Después de estos sucesos, la palabra del Señor vino a Abrán en una visión. Le dijo:
«No temas, Abrán. Yo soy tu escudo, y tu galardón será muy grande.»
Abrán respondió:
«Mi Señor y Dios, ¿qué puedes darme, si no tengo hijos, y el mayordomo de mi casa es ese damasceno Eliezer?»
También dijo Abrán:
«Mira que no me has dado descendencia. Mi heredero será un esclavo nacido en mi casa.»
Pero vino a él palabra del Señor, y le dijo:
«Tu heredero no será este, sino tu propio hijo.»
Entonces lo llevó afuera, y allí le dijo:
«Fíjate ahora en los cielos, y cuenta las estrellas, si es que las puedes contar. ¡Así será tu descendencia!»
Y Abrán creyó al Señor, y eso le fue contado por justicia.
El Señor también le dijo:
«Yo soy el Señor. Yo te saqué de Ur de los caldeos, para darte esta tierra como herencia.»
Y Abrán respondió:
«Señor, mi Señor, ¿y cómo sabré que la he de heredar?»
El Señor le dijo:
«Tráeme una becerra, una cabra y un carnero, todos de tres años. Tráeme también una tórtola y un palomino.»
Abrán tomó todos estos animales, y los partió por la mitad, y puso las mitades una frente a la otra; pero no partió las aves.
Bajaban las aves de rapiña sobre los cuerpos muertos, y Abrán las ahuyentaba,
pero al caer el sol el sueño venció a Abrán, y le sobrevino el temor de una gran oscuridad.

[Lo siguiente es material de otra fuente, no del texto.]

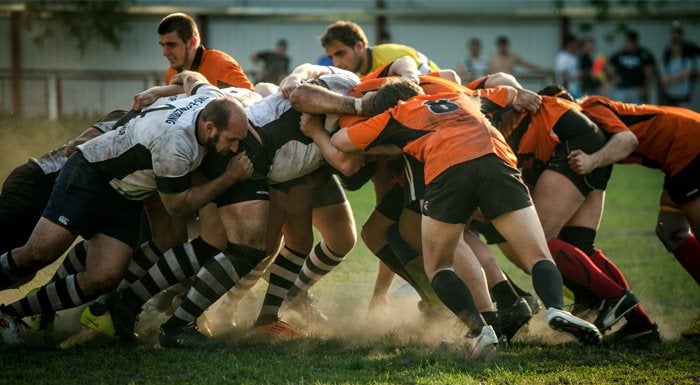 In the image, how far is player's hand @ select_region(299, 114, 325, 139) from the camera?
6.48 metres

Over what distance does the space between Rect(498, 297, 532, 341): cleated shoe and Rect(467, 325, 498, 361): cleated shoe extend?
1.39 ft

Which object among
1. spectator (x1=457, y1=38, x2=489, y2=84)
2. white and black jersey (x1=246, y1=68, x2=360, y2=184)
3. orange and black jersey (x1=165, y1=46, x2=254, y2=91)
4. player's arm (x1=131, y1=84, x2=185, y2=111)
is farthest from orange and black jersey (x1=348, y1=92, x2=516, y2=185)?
spectator (x1=457, y1=38, x2=489, y2=84)

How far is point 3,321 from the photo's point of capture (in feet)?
19.8

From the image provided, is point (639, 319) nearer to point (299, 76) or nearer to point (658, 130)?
point (658, 130)

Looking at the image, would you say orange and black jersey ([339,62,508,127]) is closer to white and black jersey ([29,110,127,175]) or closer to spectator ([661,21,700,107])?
white and black jersey ([29,110,127,175])

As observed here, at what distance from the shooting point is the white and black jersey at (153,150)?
5.96 meters

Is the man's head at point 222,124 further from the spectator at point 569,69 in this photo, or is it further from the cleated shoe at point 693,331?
the spectator at point 569,69

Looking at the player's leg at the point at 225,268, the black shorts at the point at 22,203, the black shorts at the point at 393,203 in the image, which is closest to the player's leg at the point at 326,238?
the black shorts at the point at 393,203

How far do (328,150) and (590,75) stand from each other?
15.2 meters

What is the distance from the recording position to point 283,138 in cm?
650

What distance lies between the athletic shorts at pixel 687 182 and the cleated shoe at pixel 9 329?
453 centimetres

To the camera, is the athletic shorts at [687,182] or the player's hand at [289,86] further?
the athletic shorts at [687,182]

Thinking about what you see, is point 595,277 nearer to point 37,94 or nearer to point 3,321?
point 3,321

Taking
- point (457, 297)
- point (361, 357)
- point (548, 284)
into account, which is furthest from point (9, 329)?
point (548, 284) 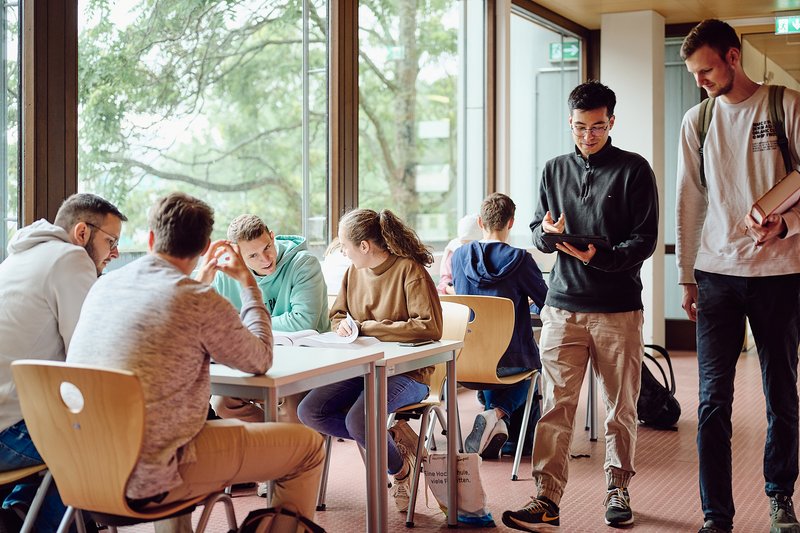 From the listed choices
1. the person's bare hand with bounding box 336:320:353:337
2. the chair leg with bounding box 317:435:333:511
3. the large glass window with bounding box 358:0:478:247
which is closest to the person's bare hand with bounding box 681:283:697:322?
the person's bare hand with bounding box 336:320:353:337

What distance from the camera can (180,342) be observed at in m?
2.26

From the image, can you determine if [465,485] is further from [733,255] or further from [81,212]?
[81,212]

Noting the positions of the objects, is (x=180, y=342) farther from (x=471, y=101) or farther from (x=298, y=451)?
(x=471, y=101)

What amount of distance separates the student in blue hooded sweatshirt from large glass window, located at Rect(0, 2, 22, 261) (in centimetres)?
214

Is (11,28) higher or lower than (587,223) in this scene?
higher

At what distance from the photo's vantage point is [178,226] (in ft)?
7.89

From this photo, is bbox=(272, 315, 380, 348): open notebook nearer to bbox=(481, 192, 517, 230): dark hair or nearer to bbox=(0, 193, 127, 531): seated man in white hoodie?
bbox=(0, 193, 127, 531): seated man in white hoodie

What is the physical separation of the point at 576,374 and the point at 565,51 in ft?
19.6

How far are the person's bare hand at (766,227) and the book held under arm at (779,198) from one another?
0.6 inches

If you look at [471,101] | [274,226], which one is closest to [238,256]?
[274,226]

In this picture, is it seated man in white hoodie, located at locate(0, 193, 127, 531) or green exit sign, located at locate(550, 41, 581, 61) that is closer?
seated man in white hoodie, located at locate(0, 193, 127, 531)

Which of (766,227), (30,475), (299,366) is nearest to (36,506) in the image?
(30,475)

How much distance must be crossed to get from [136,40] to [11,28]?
911 millimetres

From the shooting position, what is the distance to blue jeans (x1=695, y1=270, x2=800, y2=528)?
300cm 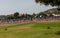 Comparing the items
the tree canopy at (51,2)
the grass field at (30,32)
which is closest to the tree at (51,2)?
the tree canopy at (51,2)

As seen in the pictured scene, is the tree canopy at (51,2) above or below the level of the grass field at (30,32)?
above

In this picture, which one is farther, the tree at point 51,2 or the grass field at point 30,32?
the grass field at point 30,32

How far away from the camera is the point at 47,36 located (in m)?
25.7

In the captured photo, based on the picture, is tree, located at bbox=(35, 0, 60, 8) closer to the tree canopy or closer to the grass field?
the tree canopy

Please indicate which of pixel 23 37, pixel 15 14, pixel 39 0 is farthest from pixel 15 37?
Result: pixel 15 14

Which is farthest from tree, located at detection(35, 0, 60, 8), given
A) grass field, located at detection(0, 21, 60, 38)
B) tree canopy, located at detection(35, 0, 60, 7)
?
grass field, located at detection(0, 21, 60, 38)

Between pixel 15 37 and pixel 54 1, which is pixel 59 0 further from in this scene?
pixel 15 37

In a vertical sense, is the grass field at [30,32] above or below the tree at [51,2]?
below

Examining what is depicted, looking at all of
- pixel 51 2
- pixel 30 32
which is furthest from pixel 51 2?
pixel 30 32

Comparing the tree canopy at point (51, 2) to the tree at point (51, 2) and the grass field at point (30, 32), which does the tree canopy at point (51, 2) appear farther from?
the grass field at point (30, 32)

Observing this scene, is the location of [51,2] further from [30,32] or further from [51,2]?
[30,32]

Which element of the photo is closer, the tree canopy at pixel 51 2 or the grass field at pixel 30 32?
the tree canopy at pixel 51 2

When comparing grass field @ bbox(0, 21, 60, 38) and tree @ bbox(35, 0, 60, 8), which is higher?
tree @ bbox(35, 0, 60, 8)

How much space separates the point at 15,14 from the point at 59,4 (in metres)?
66.5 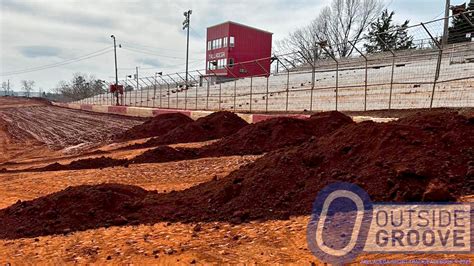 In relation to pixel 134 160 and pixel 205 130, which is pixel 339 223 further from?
pixel 205 130

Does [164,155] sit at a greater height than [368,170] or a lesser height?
lesser

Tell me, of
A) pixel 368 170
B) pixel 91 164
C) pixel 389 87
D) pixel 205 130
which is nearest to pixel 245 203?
pixel 368 170

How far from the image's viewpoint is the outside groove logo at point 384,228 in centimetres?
356

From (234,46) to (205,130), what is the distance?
4064cm

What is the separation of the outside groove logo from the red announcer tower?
45837 mm

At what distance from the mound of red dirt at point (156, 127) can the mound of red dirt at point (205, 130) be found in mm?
2439

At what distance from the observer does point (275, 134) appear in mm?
11148

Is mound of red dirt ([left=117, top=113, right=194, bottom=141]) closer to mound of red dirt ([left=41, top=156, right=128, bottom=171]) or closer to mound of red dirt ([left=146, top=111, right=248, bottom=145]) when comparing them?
mound of red dirt ([left=146, top=111, right=248, bottom=145])

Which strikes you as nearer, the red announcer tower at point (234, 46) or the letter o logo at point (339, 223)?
the letter o logo at point (339, 223)

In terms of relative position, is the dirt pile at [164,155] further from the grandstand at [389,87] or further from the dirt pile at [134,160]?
the grandstand at [389,87]

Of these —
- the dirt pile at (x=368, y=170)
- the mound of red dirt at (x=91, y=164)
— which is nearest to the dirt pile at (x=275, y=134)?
the mound of red dirt at (x=91, y=164)

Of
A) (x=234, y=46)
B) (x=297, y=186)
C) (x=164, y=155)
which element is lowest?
(x=164, y=155)

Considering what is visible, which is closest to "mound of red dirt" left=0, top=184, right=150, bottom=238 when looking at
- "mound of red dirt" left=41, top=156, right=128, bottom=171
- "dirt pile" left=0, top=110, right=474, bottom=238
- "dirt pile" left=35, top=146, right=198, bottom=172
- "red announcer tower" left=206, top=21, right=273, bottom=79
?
"dirt pile" left=0, top=110, right=474, bottom=238

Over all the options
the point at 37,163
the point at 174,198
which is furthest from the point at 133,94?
the point at 174,198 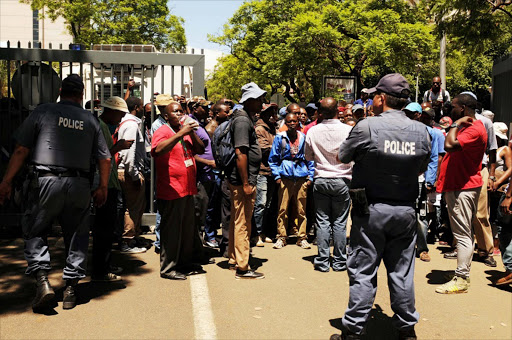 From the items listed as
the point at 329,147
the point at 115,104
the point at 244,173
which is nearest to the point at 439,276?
the point at 329,147

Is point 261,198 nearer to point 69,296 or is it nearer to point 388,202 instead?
point 69,296

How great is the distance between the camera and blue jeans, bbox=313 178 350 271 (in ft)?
22.4

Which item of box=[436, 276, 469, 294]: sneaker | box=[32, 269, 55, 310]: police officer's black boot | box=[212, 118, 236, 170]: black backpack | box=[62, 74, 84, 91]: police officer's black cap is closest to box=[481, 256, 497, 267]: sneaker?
box=[436, 276, 469, 294]: sneaker

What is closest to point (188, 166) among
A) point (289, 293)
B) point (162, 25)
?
A: point (289, 293)

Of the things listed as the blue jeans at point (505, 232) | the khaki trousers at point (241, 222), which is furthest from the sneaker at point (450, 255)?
the khaki trousers at point (241, 222)

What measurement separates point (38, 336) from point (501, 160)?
6362mm

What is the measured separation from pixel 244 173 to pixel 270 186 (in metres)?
2.27

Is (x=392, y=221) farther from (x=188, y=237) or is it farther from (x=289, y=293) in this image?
(x=188, y=237)

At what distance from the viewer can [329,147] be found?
6.89 m

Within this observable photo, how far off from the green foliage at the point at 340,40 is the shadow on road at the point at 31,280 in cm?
2517

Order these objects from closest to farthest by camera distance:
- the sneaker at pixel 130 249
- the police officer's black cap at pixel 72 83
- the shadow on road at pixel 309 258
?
the police officer's black cap at pixel 72 83 < the shadow on road at pixel 309 258 < the sneaker at pixel 130 249

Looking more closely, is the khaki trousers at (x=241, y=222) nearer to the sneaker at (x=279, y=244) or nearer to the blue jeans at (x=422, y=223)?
the sneaker at (x=279, y=244)

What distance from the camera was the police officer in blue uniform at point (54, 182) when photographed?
5.14m

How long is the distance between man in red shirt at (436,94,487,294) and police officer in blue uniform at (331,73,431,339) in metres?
1.79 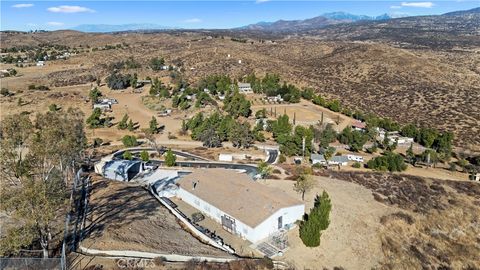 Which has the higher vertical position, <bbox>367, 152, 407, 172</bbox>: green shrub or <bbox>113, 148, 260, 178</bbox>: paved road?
<bbox>113, 148, 260, 178</bbox>: paved road

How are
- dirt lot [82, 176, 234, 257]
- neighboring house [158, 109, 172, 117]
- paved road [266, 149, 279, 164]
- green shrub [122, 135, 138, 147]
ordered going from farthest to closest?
1. neighboring house [158, 109, 172, 117]
2. green shrub [122, 135, 138, 147]
3. paved road [266, 149, 279, 164]
4. dirt lot [82, 176, 234, 257]

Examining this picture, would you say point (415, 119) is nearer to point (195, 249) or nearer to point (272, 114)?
point (272, 114)

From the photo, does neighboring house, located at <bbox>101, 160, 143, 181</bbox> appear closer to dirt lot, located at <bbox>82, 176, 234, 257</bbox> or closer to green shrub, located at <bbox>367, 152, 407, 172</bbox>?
dirt lot, located at <bbox>82, 176, 234, 257</bbox>

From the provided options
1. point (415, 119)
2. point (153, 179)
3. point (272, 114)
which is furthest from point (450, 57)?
point (153, 179)

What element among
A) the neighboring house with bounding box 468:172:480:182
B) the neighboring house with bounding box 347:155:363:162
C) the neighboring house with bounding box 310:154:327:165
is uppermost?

Entonces el Señor le dijo:
«Debes saber que tu descendencia habitará en una tierra extraña, y que allí será esclava y la oprimirán durante cuatrocientos años.
Pero también yo juzgaré a la nación a la cual servirán, y después de eso ellos saldrán de allí con grandes riquezas.
Y tú te reunirás en paz con tus padres, y serás sepultado en buena vejez.
Y después de cuatro generaciones volverán acá; porque hasta ahora no ha llegado todavía a su colmo la maldad de los amorreos.»